- [Exercise details]:
Copy each line below in which the word "Image" occurs.

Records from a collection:

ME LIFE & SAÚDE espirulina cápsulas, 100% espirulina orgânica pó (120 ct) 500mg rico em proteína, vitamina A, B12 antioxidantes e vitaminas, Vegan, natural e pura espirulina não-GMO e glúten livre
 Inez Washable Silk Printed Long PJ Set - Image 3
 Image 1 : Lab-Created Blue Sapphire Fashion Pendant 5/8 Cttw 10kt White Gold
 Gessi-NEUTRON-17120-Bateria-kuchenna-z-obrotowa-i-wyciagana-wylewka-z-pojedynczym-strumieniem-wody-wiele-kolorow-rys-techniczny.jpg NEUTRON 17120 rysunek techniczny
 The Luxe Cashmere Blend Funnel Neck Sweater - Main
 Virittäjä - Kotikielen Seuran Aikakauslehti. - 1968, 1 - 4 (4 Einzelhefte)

- [Exercise output]:
 Inez Washable Silk Printed Long PJ Set - Image 3
 Image 1 : Lab-Created Blue Sapphire Fashion Pendant 5/8 Cttw 10kt White Gold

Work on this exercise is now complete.